Nelsons elicited an incisive, intense and sometimes riveting performance. It was as chilling in its depiction of the feared Teutonic Knights (‘The Crusaders in Pskov’) with its unsettlingly sinister three-note motif and in its atmospheric dramatization of ‘The Battle on the Ice’, as it was solemn in evoking the frozen wasteland strewn with those who perished in that confrontation (‘The Field of the Dead’, during which Nadezhda Serdyuk was impressive, mourning those who died for Mother Russia) and triumphant in the concluding ‘Alexander’s Entry into Pskov’.
Nelsons heightened the impact of explosive outbursts and shaped lyrical passages with rhapsodic fervor. He provoked emphatic thrusts and incisive edginess, sometimes resulting in his cutting off sustained tones rather abruptly. But for the most part his reading was solid, evocative and dynamic.

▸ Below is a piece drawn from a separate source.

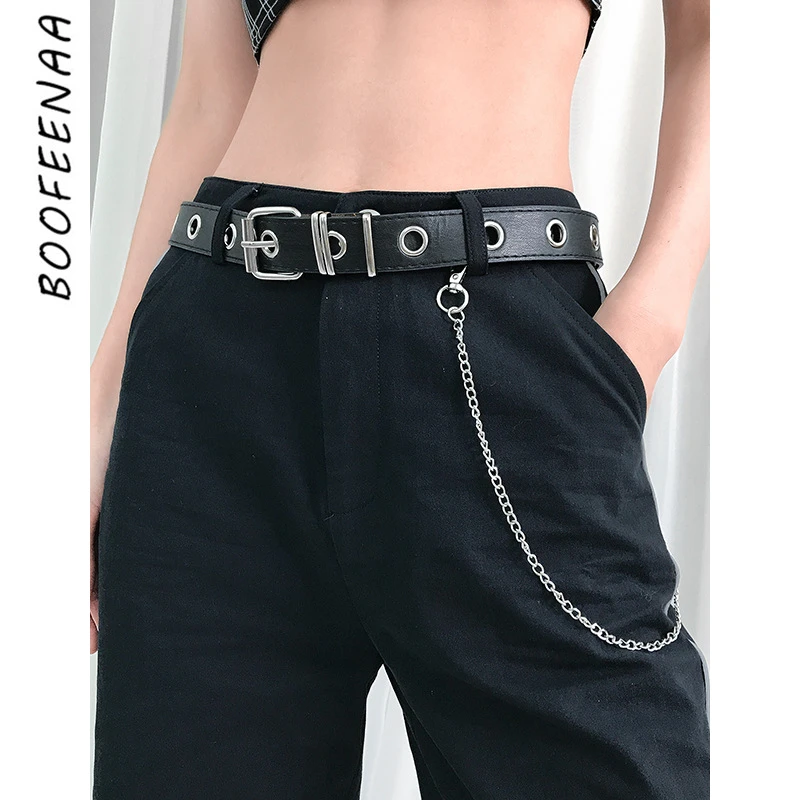 BOOFEENAA черный пояс цепочка из искусственной кожи для женщин ремень в стиле панк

Rachmaninov’s final work, Symphonic Dances, composed in 1940 for Eugene Ormandy and the Philadelphia Orchestra, seems to summarize the composer’s orchestral oeuvre, not only stylistically but also through the citation of material from earlier works, such as a fragment from the First Symphony appearing in the opening movement’s coda, and, in the Finale, an ‘Alleluia’ from the All-night Vigil (Vespers, Opus 37) is referred to and where also the ‘Dies irae’ chant is presented, which served as an idée fixe throughout Rachmaninov’s creative life. He originally considered giving descriptive titles to the movements – ‘Midday’, ‘Twilight’ and ‘Midnight’ – analogous to the three stages of life.
In the first movement, syncopated rhythms and the use of an alto saxophone could be considered a nod to American jazz. The second is a nocturnal and melancholic waltz, and the final one is the most extensive. Nelsons gave a forceful, vigorous reading of the opening movement, contrasted with a beautifully shaped string theme. The waltz movement was enhanced by Malcolm Lowe’s gorgeous violin solo, Nelsons eliciting crisp and well-balanced playing. In the Finale, strong, penetrating attacks hit home like sword thrusts and booming climaxes were juxtaposed against fluid lyricism and ardent expression, the work concluding with a big tam-tam whack that Nelsons sustained as long as possible.